The proceeds from the rights offer are expected to be used to fund potential
acquisitions which NEPI is in the process of negotiating. Should the
acquisitions not be completed, the proceeds from the rights offer will be
used to repay existing borrowings.
SALIENT TERMS OF THE RIGHTS OFFER
NEPI shareholders will be offered 16.14242 new NEPI shares ("rights offer
shares") for every 100 ordinary shares held by them on Friday, 11 November
2011 for shareholders on either the South African share register or the UK
share register, or on Friday, 4 November 2011 for shareholders registered in
Romania.
The subscription price for rights offer shares is Euro2.80 per rights offer
share for shareholders on the UK share register and for shareholders
registered in Romania and R30.00 per rights offer share for shareholders on
the SA share register, calculated using a EUR/ZAR exchange rate of
Euro1.00:R10.70.
The letters of allocation (which are issued to shareholders on the South
African share register) are negotiable and can be traded on the JSE under
ISIN IM00B6YBF838.
The pre-emptive rights (which are issued to shareholders registered in
Romania) are negotiable and can be traded on the BVB by shareholders
registered in Romania under ISIN IM00B510GN84.

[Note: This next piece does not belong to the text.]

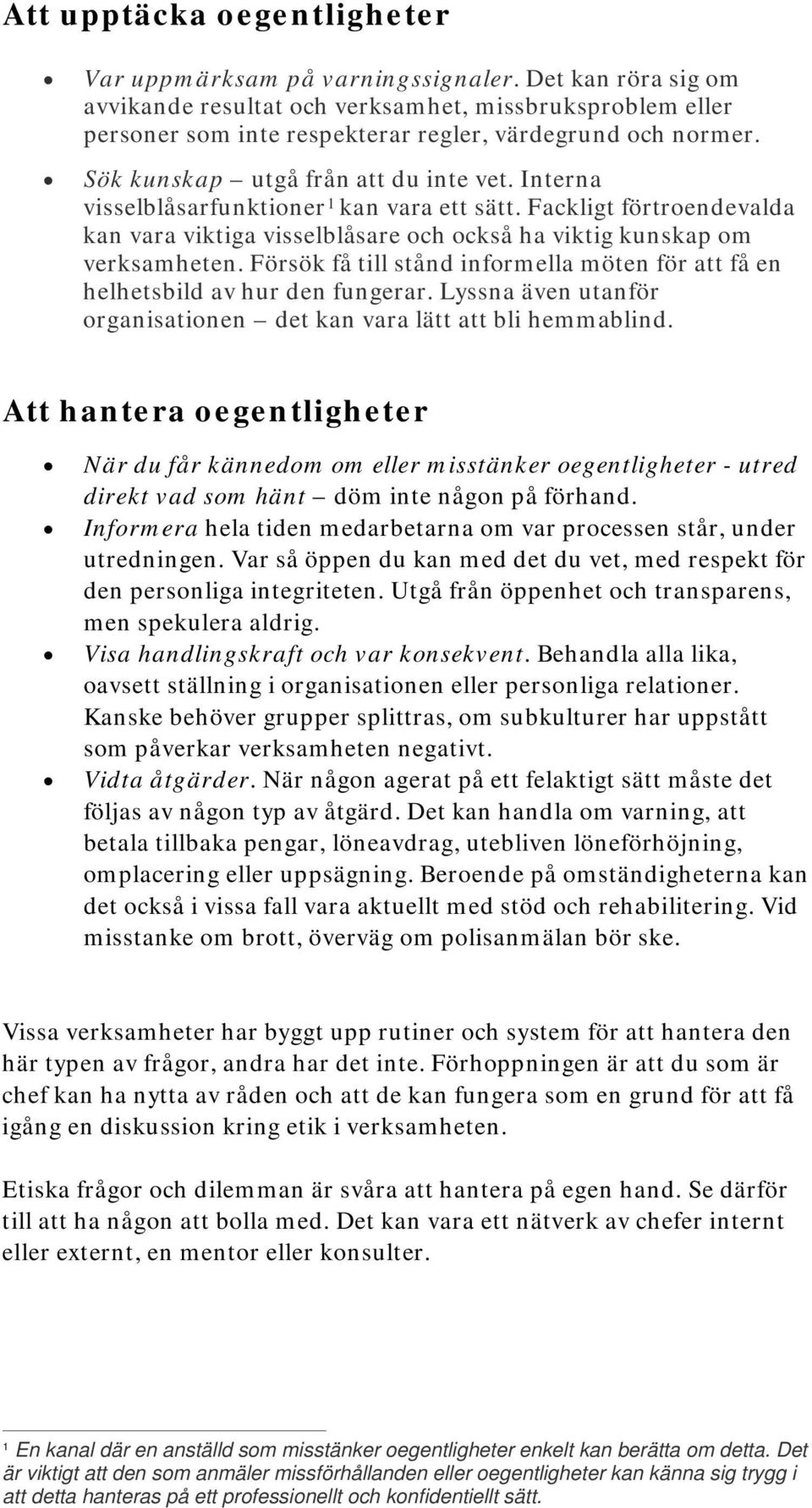 Interna visselblåsarfunktioner 1 kan vara ett sätt. Fackligt förtroendevalda kan vara viktiga visselblåsare och också ha viktig kunskap om verksamheten.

Shareholders are advised that neither the letters of allocation issued to
shareholders on the SA share register nor the pre-emptive rights issued to
shareholders registered in Romania are fungible and accordingly are not
capable of being transferred between the JSE and the BVB
UNDERWRITING
Fortress Income 2 Proprietary Limited (a wholly-owned subsidiary of Fortress
Income Fund Limited) has agreed to underwrite the rights offer up to a
maximum aggregate amount of R428 571 420, represented by 14 285 714 rights
offer shares at a subscription price of R30.00 per rights offer share listed
on the JSE in consideration for an underwriting fee of R2 142 857 (an amount
equivalent to 0.5% of its underwriting commitment).
EXCESS SHARES
Shareholders on the South African share register, shareholders on the UK
share register and shareholders registered in Romania will have the right to
apply for any excess rights offer shares not taken up by other shareholders
and any such excess shares will be attributed equitably taking cognisance of
the number of shares and rights held by the shareholder prior to such
allocation, including those taken up as a result of the rights offer, and the
number of excess rights applied for by such shareholder.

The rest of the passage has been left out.